Demikianlah Yesus memberitakan Injil kepada umat Tuhan bangsa Yahudi (Markus
1:15). Saat yang ditentukan Bapa telah datang Juruselamat yaitu Yesus Kristus
Tuhan Lahir di Kota Daud (Lukas 2:11). Telah tiba penggenapan hukum taurat dan
Kitab-kitab Para Nabi, “ Aku datang bukan untuk meniadakannya melainkan untuk
menggenapinya” kata Yesus dalam Khotbahnya di bukit (Matius 5:17) Yesus membaca
Kitab Yesaya lalu berkata”pada hari genaplah nas ini sewaktu kamu mendengarnya”
(Lukas 4:21).
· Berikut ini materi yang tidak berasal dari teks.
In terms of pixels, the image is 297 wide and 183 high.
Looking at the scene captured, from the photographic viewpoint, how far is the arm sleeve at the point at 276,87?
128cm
Inilah Penggenapan Perjanjian Lama sudah dekat karena Raja Damai
tunas Daud yang di janjikan Para Nabi (Yeremia 23:1-8) sekarang berdiri di
hadapan mereka dengan Inkarnasi Allah (Yohanes 1:14; Filipi 2:1-11).[15]
Penginjilan dalam Perjanjian Baru, adalah
Allah melalui Tuhan Yesus Kristus, yang bersifat Teosentris dan Mesianik
dari penginjilan itu sendiri yang di genapi dalam karya Tuhan Yesus.
Hubungan
Perjanjian Lama dan Perjanjian Baru adalah: Perjanjian Lama memandang Salib ada
di depan sedangkan Perjanjian Baru memandang Salib itu ada di belakang. Berdasarka Perjanjian Lama penginjilan
sebagai bentuk harapan dan kenyataan Allah yang terjadi sedangkan Perjanjian
Baru merupakan penyataan dan pemenuhan. Perjanjian Lama dan Perjanjian Baru
adalah menonjolkan penginjilan seperti aliran kuasa penyelamatan Allah yang
aktif, dinamis dan berkesinambungan. Allah terus bekerja dalam penggenapan
rencana penyelamatan Allah.
2.1.4. Tugas dan Panggilan Pekabar Injil
a.
Menjadi saksi Kristus.
Tugas
dan panggilan yang sesungguhnya menyatu dalam kehidupan gereja dan bergerak
melampaui sekat-sekat geografis, sosial, politik, ekonomi dan budaya (Matius
28:18-20). Dan hal ini memperlihatkan apostolik dari gereja yakni berpegang
pada ajaran rasul atau para pekabar Injil yang mengambil tugasnya dengan
melayani Tuhan yang sungguh-sungguh dan bergerak keluar untuk mewartakan
Kerajaan Allah.
b.
Mewartakan Karya Keselamatan Allah
dalam Yesus Kristus.
Gereja
lahir dari karya Roh Kudus untuk mewartakan Kerajaan Allah di dalam Yesus
Kristus serta membawa dunia kepertobatan dan rekonsiliasi (Lukas 4:16-20) yang
terus hidup sepanjang sejarah melalui pekerjaan Roh Kudus (Yohanes 14:26; Kis
1:8) oleh karena itu gereja yang meninggalkan tugas dan tanggungjawabnya
menjadi saksi Kristus pada dasarnya sudah kehilangan dasar keberadaannya.
c.
Shalom
Allah
Injil
sebagaimana diberitakan oleh Alkitab adalah Shalom Allah melalui Yesus Kristus
(Luk 4:14-20) yang terus hidup sepanjang sejarah oleh karya Roh Kudus. Shalom
Allah senantiasa mendorong gereja-gereja untuk hhidup dalam persekutuan yang di
landasi oleh Kasih Allah dan saling menerima satu sama lainnya (Ef 2:17-22).
d.
Tanggungjawab
Sejak bumi di
ciptakan oleh Allah, manusia di berikan
kepercayaan untuk mengambil bagian dalam Karya Allah untuk merawat bumi dan
segala isinya. Manusia bertanggungjawab dalam mewujudkan Shalom Allah bagi bumi
dan segala isinya.[16] Dengan
demikian maka orang percaya di berikan tanggung jawab untuk dapat melaksanakan
misi Allah di bumi ini.
2.2. Pengertian Pertumbuhan Gereja
Menurut Kamus Bahasa Indonesia Gereja Adalah gedung
(rumah) tempat berdoa dan melakukan upacara agama Kristen; badan (organisasi)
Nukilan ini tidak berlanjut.